If the input is a DataFrame object, then the result is a DataFrame that has the same column labels as the original input, and the row labels correspond to the output quantities requested.

 > $\mathrm{df}≔\mathrm{DataFrame}\left(M,\mathrm{columns}=\left[a,b,c\right]\right)$
 ${\mathrm{DataFrame}}{}\left(\left[\begin{array}{rrr}3& 1130& 114694\\ 4& 1527& 127368\\ 3& 907& 88464\\ 2& 878& 96484\\ 4& 995& 128007\end{array}\right]{,}{\mathrm{rows}}{=}\left[{1}{,}{2}{,}{3}{,}{4}{,}{5}\right]{,}{\mathrm{columns}}{=}\left[{a}{,}{b}{,}{c}\right]\right)$ (8)
 > $\mathrm{df_results}≔\mathrm{FivePointSummary}\left(\mathrm{df}\right)$
 ${\mathrm{DataFrame}}{}\left(\left[\begin{array}{ccc}2.0& 878.0& 88464.0\\ 3.0& 907.0& 96484.0\\ 3.0& 995.0& 1.146940{}{10}^{5}\\ 4.0& 1130.0& 1.273680{}{10}^{5}\\ 4.0& 1527.0& 1.280070{}{10}^{5}\end{array}\right]{,}{\mathrm{rows}}{=}\left[{\mathrm{minimum}}{,}{\mathrm{lowerhinge}}{,}{\mathrm{median}}{,}{\mathrm{upperhinge}}{,}{\mathrm{maximum}}\right]{,}{\mathrm{columns}}{=}\left[{a}{,}{b}{,}{c}\right]\right)$ (9)
 > $\mathrm{df_results}\left[b\right]$
 ${\mathrm{DataSeries}}{}\left(\left[\begin{array}{ccccc}878.0& 907.0& 995.0& 1130.0& 1527.0\end{array}\right]{,}{\mathrm{labels}}{=}\left[{\mathrm{minimum}}{,}{\mathrm{lowerhinge}}{,}{\mathrm{median}}{,}{\mathrm{upperhinge}}{,}{\mathrm{maximum}}\right]{,}{\mathrm{datatype}}{=}{\mathrm{anything}}\right)$ (10)

The summarize option makes it possible to display an embedded table containing the results.

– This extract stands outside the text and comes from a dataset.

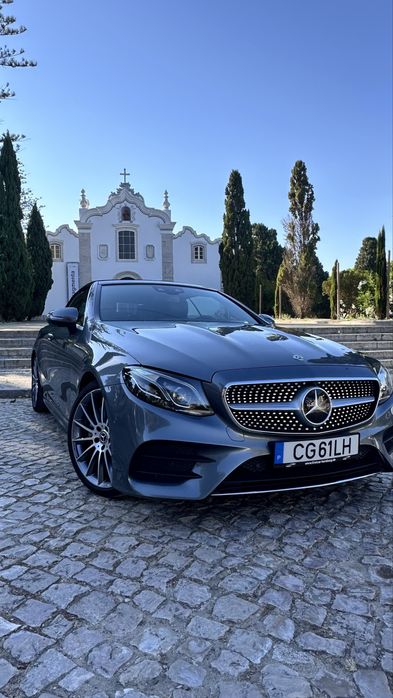 Mercedes E cabrio 220 D
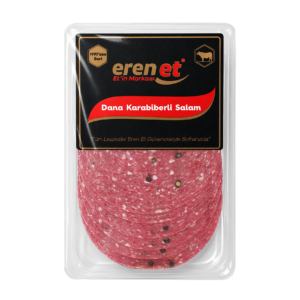 Macar Salam Karabiberli Dilimli 100g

Note that the embedded table is only for display and that the returned value of the FivePointSummary command is unchanged.

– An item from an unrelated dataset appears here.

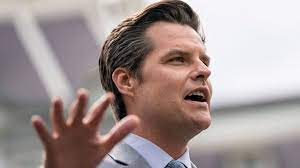 They also leave the false impression that he stole from dying people. full story. Matt Gaetz Why This Trump Ally Is Fighting For His Political Life Bbc News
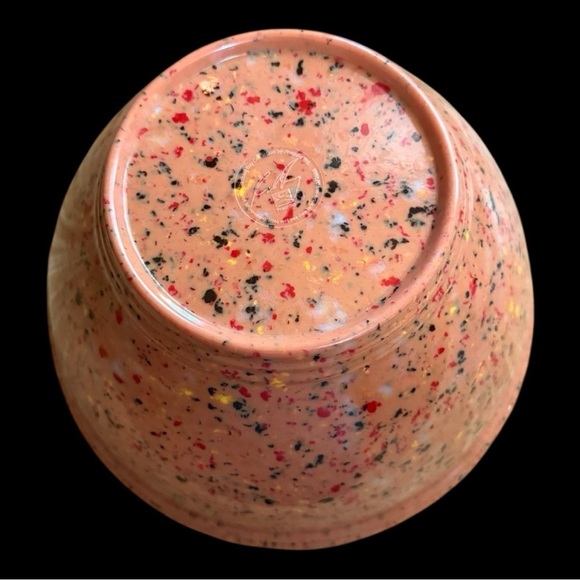 Rachael Ray Melamine Confetti Garbage/Serving/Mixing Bowl - Picture 4 of 5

 > $\mathrm{results}≔\mathrm{FivePointSummary}\left(\mathrm{df},\mathrm{summarize}=\mathrm{embed}\right):$

 a b c minimum ${2.}$ ${878.}$ ${88464.}$ lowerhinge ${3.}$ ${907.}$ ${96484.}$ median ${3.}$ ${995.}$ ${114694.}$ upperhinge ${4.}$ ${1130.}$ ${127368.}$ maximum ${4.}$ ${1527.}$ ${128007.}$

Similar to the previous example, the returned value for results is the same:

 > $\mathrm{results}\left[1\right]$
 ${\mathrm{DataSeries}}{}\left(\left[\begin{array}{ccccc}2.0& 3.0& 3.0& 4.0& 4.0\end{array}\right]{,}{\mathrm{labels}}{=}\left[{\mathrm{minimum}}{,}{\mathrm{lowerhinge}}{,}{\mathrm{median}}{,}{\mathrm{upperhinge}}{,}{\mathrm{maximum}}\right]{,}{\mathrm{datatype}}{=}{\mathrm{anything}}\right)$ (11)

The tableweights option controls the width of columns in an embedded table.

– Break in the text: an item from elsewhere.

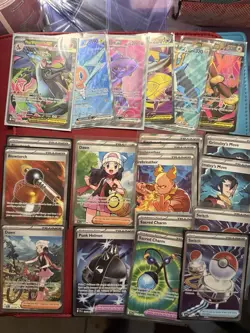 Pokemon TCG Mega Charizard X EX Mega Sharpedo EX Mega Lopunny EX Foil Card Lot - Image 1
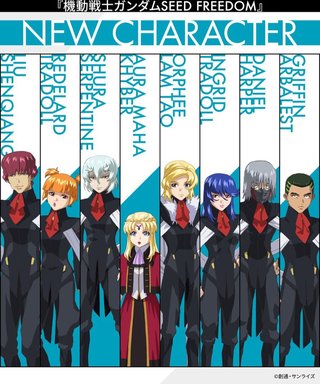 【映画】機動戦士ガンダムSEED FREEDOM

 > $\mathrm{FivePointSummary}\left(\mathrm{df},\mathrm{summarize}=\mathrm{embed},\mathrm{tableweights}=\left[4,2,2,2\right]\right):$

 a b c minimum ${2.}$ ${878.}$ ${88464.}$ lowerhinge ${3.}$ ${907.}$ ${96484.}$ median ${3.}$ ${995.}$ ${114694.}$ upperhinge ${4.}$ ${1130.}$ ${127368.}$ maximum ${4.}$ ${1527.}$ ${128007.}$

 > 

References

 Stuart, Alan, and Ord, Keith. Kendall's Advanced Theory of Statistics. 6th ed. London: Edward Arnold, 1998. Vol. 1: Distribution Theory.

Compatibility

 • The data parameter was updated in Maple 16.
 • The summarize option was introduced in Maple 2016.